I'm having problems with my alarm going off at random times.
I've read on here about the siren batteries leaking and ruining the PCB.
I want to take it out to check the state of it, but have read conflicting posts on where it's actually located.
Some say the boot, others say under the front wing!

Can anyone advise me please.
Any other help much appreciated.

Thanks
Andy


----------



## AndyJay (Mar 25, 2014)

Hi all....
I'm still no wiser as to where the alarm siren is located.
When it goes off, it does sound like it's coming from the front right-hand side of the car.
It's just knowing the exact location and getting to it.

Thanks in advance
Andy


----------



## SwissJetPilot (Apr 27, 2014)

The alarm siren seems to be located in the right side fender well for both the Coupe and Roadster.

Looks like you'll be pulling off the fender well to get to it. Have fun with that!
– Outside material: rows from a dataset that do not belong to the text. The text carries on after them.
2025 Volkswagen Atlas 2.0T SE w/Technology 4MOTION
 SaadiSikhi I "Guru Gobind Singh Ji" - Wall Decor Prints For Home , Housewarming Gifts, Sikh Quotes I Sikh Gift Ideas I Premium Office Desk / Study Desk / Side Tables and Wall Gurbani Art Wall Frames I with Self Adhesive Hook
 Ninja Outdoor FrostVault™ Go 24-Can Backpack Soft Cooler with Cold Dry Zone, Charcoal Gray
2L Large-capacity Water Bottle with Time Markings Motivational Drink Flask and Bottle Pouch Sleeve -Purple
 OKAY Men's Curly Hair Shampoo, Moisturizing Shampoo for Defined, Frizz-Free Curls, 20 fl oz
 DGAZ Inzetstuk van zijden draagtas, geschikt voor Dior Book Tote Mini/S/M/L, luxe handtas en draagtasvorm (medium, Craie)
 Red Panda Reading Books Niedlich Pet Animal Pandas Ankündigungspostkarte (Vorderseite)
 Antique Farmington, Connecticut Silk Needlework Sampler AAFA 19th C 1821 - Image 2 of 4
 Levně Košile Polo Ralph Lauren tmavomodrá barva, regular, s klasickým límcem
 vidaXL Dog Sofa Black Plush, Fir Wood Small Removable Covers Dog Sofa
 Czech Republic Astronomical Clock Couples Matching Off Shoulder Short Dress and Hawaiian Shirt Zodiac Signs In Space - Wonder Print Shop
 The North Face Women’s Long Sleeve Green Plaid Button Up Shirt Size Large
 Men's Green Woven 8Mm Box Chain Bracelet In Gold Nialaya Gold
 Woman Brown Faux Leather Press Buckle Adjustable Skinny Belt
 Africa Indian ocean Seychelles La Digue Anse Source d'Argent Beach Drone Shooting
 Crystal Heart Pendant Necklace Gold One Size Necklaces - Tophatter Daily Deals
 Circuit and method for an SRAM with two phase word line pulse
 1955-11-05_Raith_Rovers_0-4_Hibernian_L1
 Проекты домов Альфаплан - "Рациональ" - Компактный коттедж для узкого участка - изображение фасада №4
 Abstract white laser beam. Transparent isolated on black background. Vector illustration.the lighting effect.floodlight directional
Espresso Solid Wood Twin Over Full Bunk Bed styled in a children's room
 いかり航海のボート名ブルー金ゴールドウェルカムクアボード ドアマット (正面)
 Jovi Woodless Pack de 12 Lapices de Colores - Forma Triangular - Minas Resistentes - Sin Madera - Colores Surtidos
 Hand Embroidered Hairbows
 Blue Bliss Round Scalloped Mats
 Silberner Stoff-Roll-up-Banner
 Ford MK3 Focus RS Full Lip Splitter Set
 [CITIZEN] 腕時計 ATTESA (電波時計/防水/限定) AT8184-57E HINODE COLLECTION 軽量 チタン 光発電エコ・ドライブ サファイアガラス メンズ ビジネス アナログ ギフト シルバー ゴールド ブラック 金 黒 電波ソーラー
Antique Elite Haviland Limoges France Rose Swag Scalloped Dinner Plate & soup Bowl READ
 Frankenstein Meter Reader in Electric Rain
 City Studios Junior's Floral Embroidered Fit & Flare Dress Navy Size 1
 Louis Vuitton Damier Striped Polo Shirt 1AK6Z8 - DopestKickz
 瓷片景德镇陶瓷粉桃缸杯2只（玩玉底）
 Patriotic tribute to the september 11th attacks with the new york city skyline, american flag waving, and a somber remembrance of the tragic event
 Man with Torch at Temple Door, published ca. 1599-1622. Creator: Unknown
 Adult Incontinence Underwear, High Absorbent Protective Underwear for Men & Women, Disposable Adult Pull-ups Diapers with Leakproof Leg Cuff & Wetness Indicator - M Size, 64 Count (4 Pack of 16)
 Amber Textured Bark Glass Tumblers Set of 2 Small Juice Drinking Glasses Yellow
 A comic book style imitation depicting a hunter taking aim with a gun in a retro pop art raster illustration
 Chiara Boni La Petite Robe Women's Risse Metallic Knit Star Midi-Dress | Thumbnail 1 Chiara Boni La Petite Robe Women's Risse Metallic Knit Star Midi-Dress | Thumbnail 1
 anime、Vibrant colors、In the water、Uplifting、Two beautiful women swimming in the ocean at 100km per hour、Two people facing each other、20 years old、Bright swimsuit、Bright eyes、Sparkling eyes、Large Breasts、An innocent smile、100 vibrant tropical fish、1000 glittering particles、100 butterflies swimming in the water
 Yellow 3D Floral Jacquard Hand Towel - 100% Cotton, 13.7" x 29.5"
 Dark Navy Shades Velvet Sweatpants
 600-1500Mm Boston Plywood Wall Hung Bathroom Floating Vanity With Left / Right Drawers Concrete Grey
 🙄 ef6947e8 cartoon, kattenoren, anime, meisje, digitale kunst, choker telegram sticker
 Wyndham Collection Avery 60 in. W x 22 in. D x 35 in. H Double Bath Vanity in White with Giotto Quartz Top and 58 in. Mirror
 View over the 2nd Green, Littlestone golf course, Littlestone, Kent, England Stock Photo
Please send pictures if you do. 

http://workshop-manuals.com/audi/tt_roa ... _overview/

http://www.volkspage.net/technik/ssp/ssp/SSP_382.pdf
http://www.volkspage.net/technik/ssp/ssp/SSP_380.pdf

The link below is for installing lambo doors, but it does include a few pictures of the alarm siren can inside the fender to give you a better idea of where it's located.

http://www.ruefferperformance.com/media ... tueren.pdf


----------



## AndyJay (Mar 25, 2014)

If it wasn't for you SwissJetPilot, i'd be in a right pickle.
Thanks again and i'm soooo looking forward to taking off that fender well 

The alarm seems to have settled down for some reason, but no doubt it will rear it's ugly head again at the most inconvenient time. 
Your help will be invaluable.
Pictures to be added if and when.

Andy :roll:


----------



## SwissJetPilot (Apr 27, 2014)

While you're trying to get to that alarm siren, I'll schedule a root canal with my dentist. We can compare notes as to which was more fun! ;-) Looking forward to the pictures.


----------